▸ About this exercise
Print all the data that follows exactly, images excluded.

▸ Supplied information

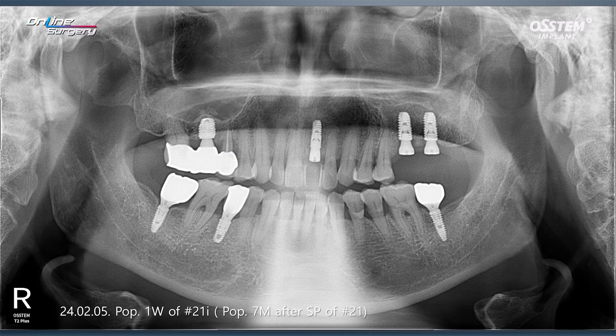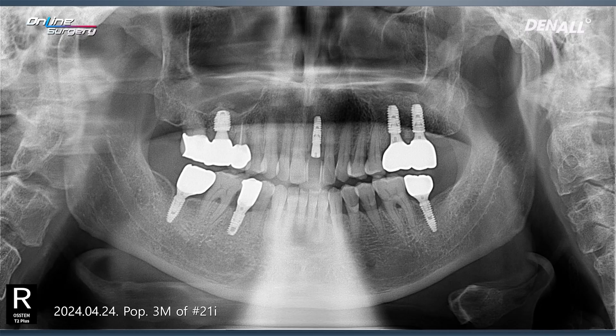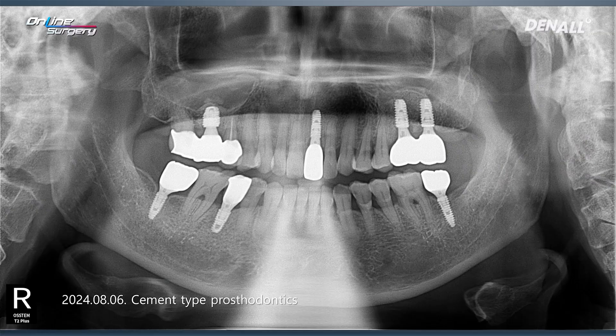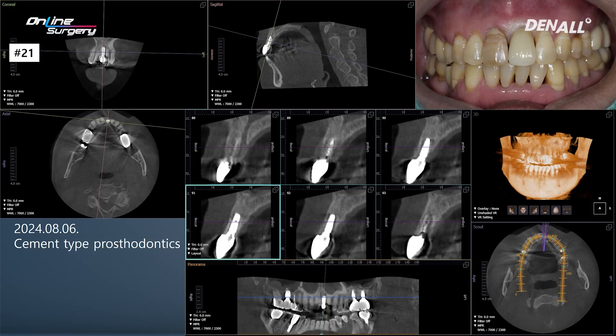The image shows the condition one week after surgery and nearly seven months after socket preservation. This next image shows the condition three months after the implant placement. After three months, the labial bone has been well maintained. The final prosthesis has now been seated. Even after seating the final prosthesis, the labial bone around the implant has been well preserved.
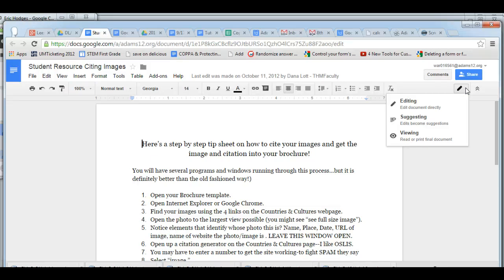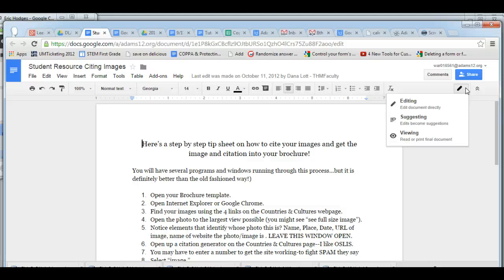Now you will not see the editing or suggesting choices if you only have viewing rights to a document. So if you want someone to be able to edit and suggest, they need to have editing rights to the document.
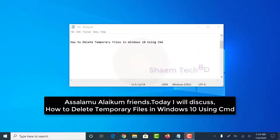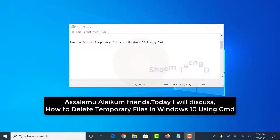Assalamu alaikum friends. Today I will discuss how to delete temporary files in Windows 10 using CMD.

▸ Written answer
The image shows the condition one week after surgery and nearly seven months after socket preservation. This next image shows the condition three months after the implant placement. After three months, the labial bone has been well maintained. The final prosthesis has now been seated. Even after seating the final prosthesis, the labial bone around the implant has been well preserved.
Now you will not see the editing or suggesting choices if you only have viewing rights to a document. So if you want someone to be able to edit and suggest, they need to have editing rights to the document.
Assalamu alaikum friends. Today I will discuss how to delete temporary files in Windows 10 using CMD.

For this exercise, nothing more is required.